Personally, I think that Henry must have been a fan of the 1944 film “Gaslight”.  In that movie Gregory (Charles Boyer) attempted to drive his wife Paula (Ingrid Bergman) mad. It didn’t work in the movie, and it wouldn’t work for Dr. Grant either.

In a vote of no confidence Antoinette consulted another psychiatrist who told her that she was fine, except for the stress caused by her failing marriage.

By September of 1955 the Grant’s divorce proceedings had heated up. Antoinette testified that her husband frequently called her a psychopath. According to Antoinette many of the couple’s quarrels were over money. Even though their combined incomes were more than $1000 a month, Henry permitted her a weekly allowance of only $70. With that measly sum she was supposed to run the household, including the wages of a twice-a-week maid.

Henry responded to his wife’s pleas for more money by calling her irresponsible and then beating her. When Antoinette couldn’t, or wouldn’t, iron one of Henry’s shirts on demand he crushed a lit cigarette out on her neck. 

Hmm.  Sounds to me like Henry was the crazy one in the family. Physician, heal thyself!

Ultimately, Antoinette walked away with the house in Bel Air, a car, $70 a month in child support, and retained a trust fund which would pay her $6,000 per year.

As far as I’m concerned, Henry did much better than he deserved to – he got $16,000 in cash and a car.

Another marriage destroyed by that evil home wrecker, liptstick!



In the previous story from 1930, Mrs. Mildred J. Arnold discovered her husband’s infidelity by recognizing that a lipstick on her dressing table wasn’t her shade.

Twenty-seven years later lipstick traces were again the cause of a divorce. This time the woman was twenty-five year old Darla Hood (of “Our Gang” fame). 

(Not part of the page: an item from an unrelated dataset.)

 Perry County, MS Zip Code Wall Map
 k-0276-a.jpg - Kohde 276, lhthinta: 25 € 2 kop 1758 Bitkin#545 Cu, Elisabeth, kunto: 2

If you’ve never seen any of the Our Gang shorts, shame on you — they are wonderful.  Darla played the neighborhood femme fatale (at four years old!). Here’s Darla stealing the hearts of the local boys. Who can blame them for being smitten. She’s adorable!

During the divorce hearing Darla revealed that her husband, thirty-threee year old insurance salesman Robert W. Decker, would often arrive home in the wee hours of the morning drunk and with lipstick smeared on his clothing.

Darla told Superior Judge Frederick F. Houser that one morning she “…got up and found him in the kitchen washing his shirt.” According to Robert he was trying to remove some red ink that he’d spilled on himself. Darla didn’t buy a word of his lame tale, and told him that  she was sick and tired of spending her evenings at home alone.  Robert’s response to Darla was that whatever he was doing was none of her business, then he shoved her to the floor.

The final showdown between the couple came after Robert had stayed out all night and Darla was unable to reach him by telephone. She was on a trip to San Francisco to promote one of her records, and she  and was frantic when she couldn’t locate her missing spouse. Darla testified that when she finally caught up with him,  “he asked me if I wanted a divorce, and I said I did. He said swell, go get it.”

Darla let Judge Houser know that she didn’t want any alimony. She explained that she was accustomed to taking care of herself — all she wanted was to be out of the marriage. Her decree was granted.

Oh, and the name of the song she was promoting — “Just Wanna Be Free”.


Ladies, if you think your man is cheating on you forget the GPS, and don’t hire a private investigator — check his clothes for lipstick smears. If the color on his shirt doesn’t match anything in your cosmetics case, you’ve got a problem. For instance, one of my favorite shades of lipstick is Twig by MAC. If my husband came home with traces of a screaming red lipstick on his collar he’d better be prepared with a darned good story.

Mrs. Mildred J. Arnold’s husband was tacky enough to entertain his blonde on the side in his wife’s very own boudoir! No wonder she was peeved.  Add his infidelity to the occasional beatings he administered to Mildred, and the fact that he frequently went to dances on his own and it’s no wonder Mrs. A. sued for a divorce.